“Working towards solutions for sufficient numbers of appropriately trained and qualified teachers is an urgent imperative of our time if we are to ensure a safe, quality education—and hope for the future—for the rising tide of children affected by conflict and crisis” (Mendenhall et al., 2018).
A competent and skilled teacher is one of the most important inputs in any education system. But in crisis and post-conflict settings, teachers are often in short supply and many are new recruits with minimal experience or education to prepare them for teaching in tough conditions. Those who do have a teaching background or qualification may have to teach content outside of their knowledge area, and may be unprepared to respond to the additional complexities of teaching in a crisis context.
As teachers play a critical role in shaping the future of their students and communities, their role should not be an afterthought, but an integral part of the preparedness and planning phases for education in emergencies and in chronic crises. Teachers, like all professionals, must be carefully recruited and prepared to be teachers, with access to well-planned and well-executed professional development in order to be the best that they can be, especially in times of crisis. In particular, teachers require relevant knowledge and skills, as well as strong school-based support and opportunities for collaboration to respond effectively to the complex needs of learners in crisis contexts.
You can find out more about INEE’s Teachers in Crisis Contexts Collaborative, an inter-agency effort to provide more and better support to teachers in crisis settings, here.
- It is estimated that at least 20,000 additional teachers are needed each year to address the gap for the world’s displaced students (Strecker, 2018).

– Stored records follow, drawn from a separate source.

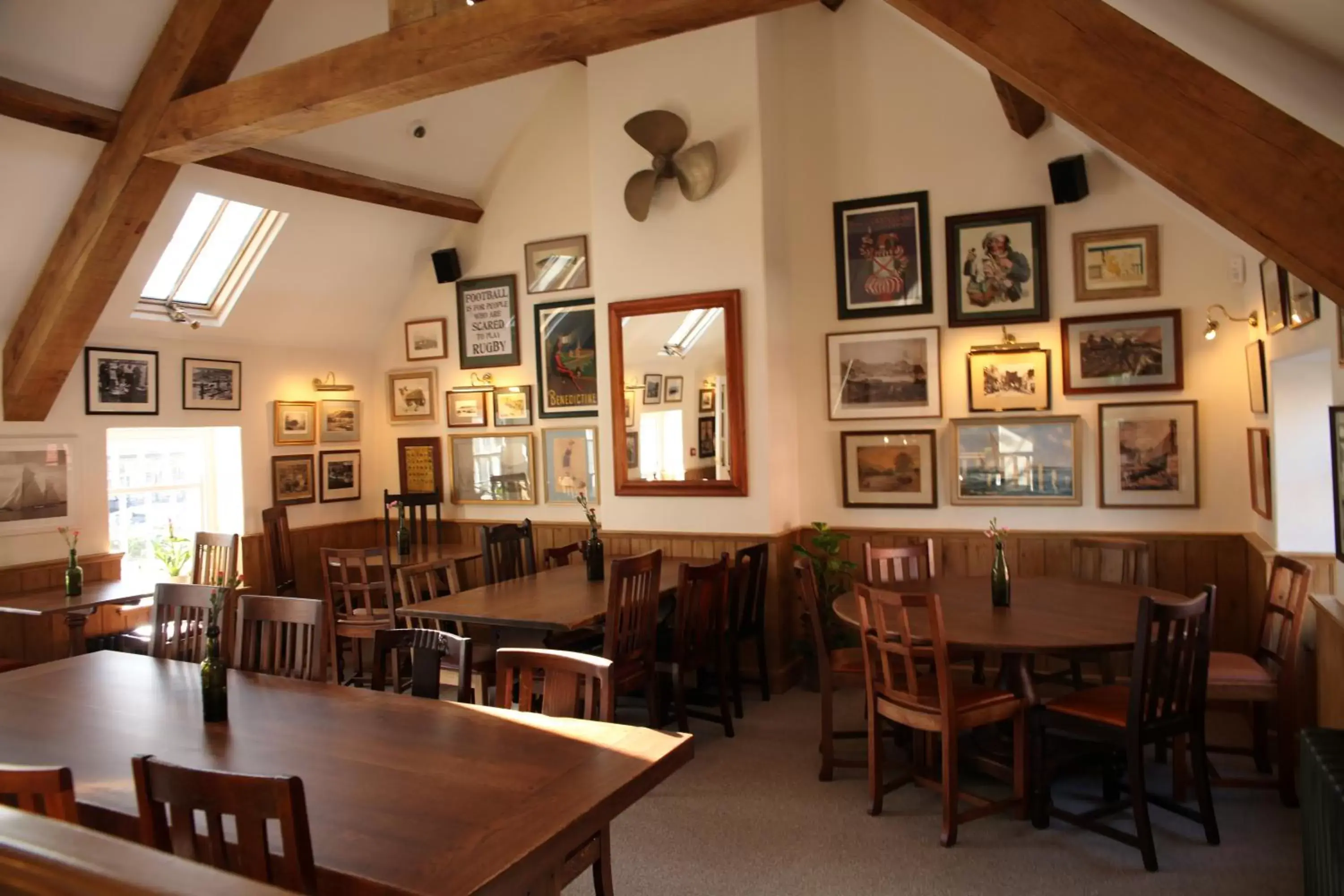 Lounge or bar, Restaurant/Places to Eat in The Erskine Arms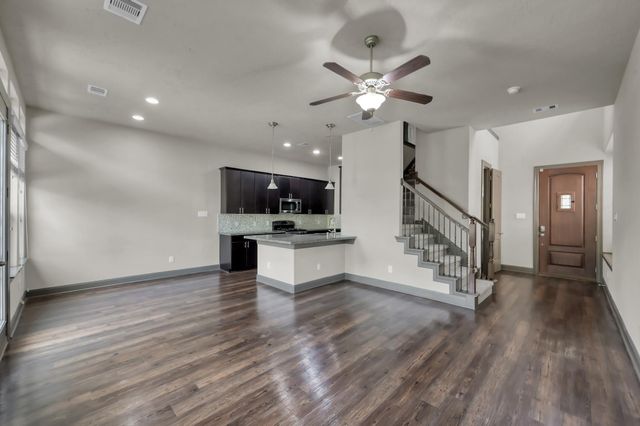 38 Aventura Place, Spring, TX 77389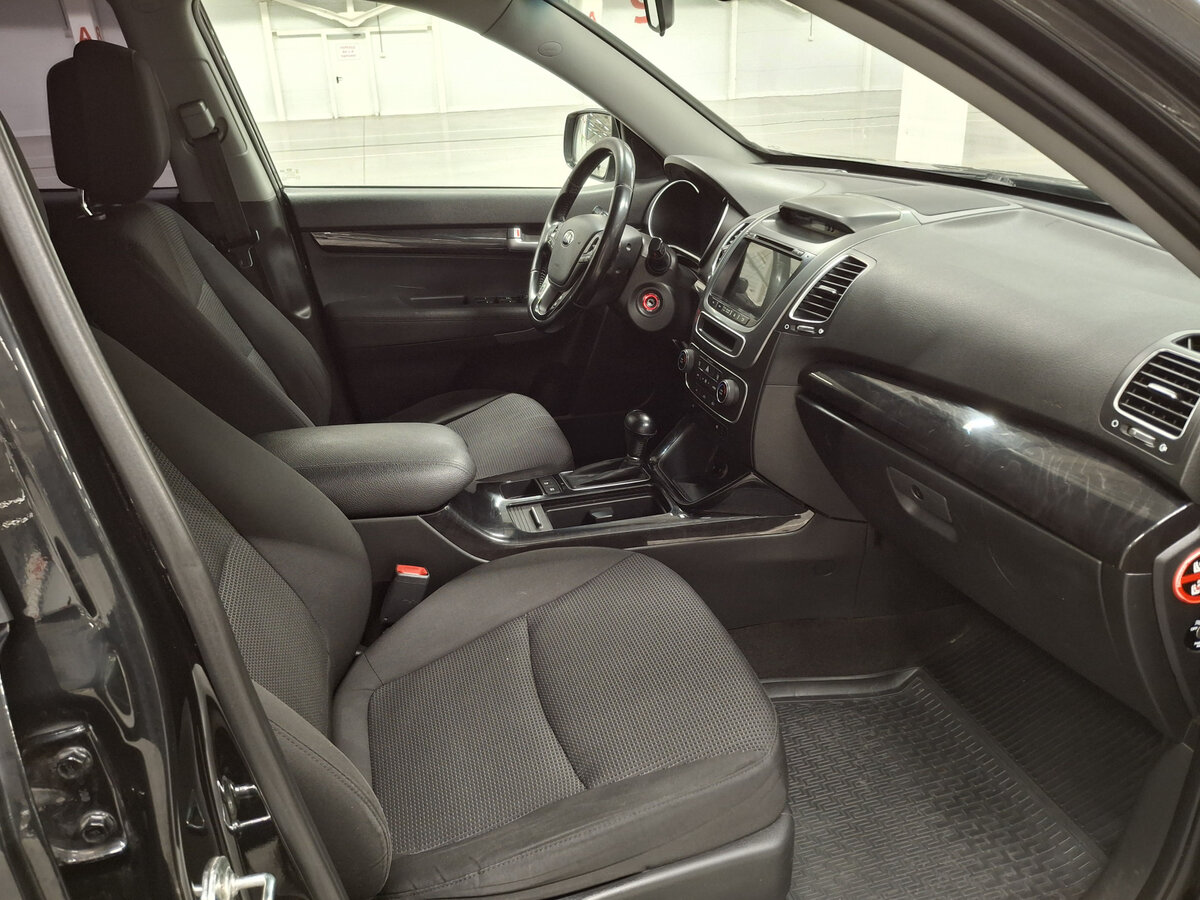 Kia Sorento 2017 года с пробегом. Фото: #10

- Recurring armed conflict in Central African Republic (CAR) since 2003 has led to a situation where in a country of 4.6 million people there are only 9,000 teachers, half of whom are unqualified (Nicolai et al., 2015).
- In Kenya’s Kakuma refugee camp, 73% of primary teachers are uncertified (Mendenhall et al., 2018).
- In Lebanon, 55% of teachers have not been trained for the past two years, despite the diverse needs of teachers and learners (UNESCO GEM, 2019).
- In primary schools across refugee settlements in Uganda, the average pupil-teacher ratio is 85:1, reaching 94:1 and 133:1 in certain settlements (UNESCO GEM, 2019)
- In Syria, teacher stipends have dropped on average to 10 percent of the value of pre-crisis salaries (Assistance Coordination Unit, 2017).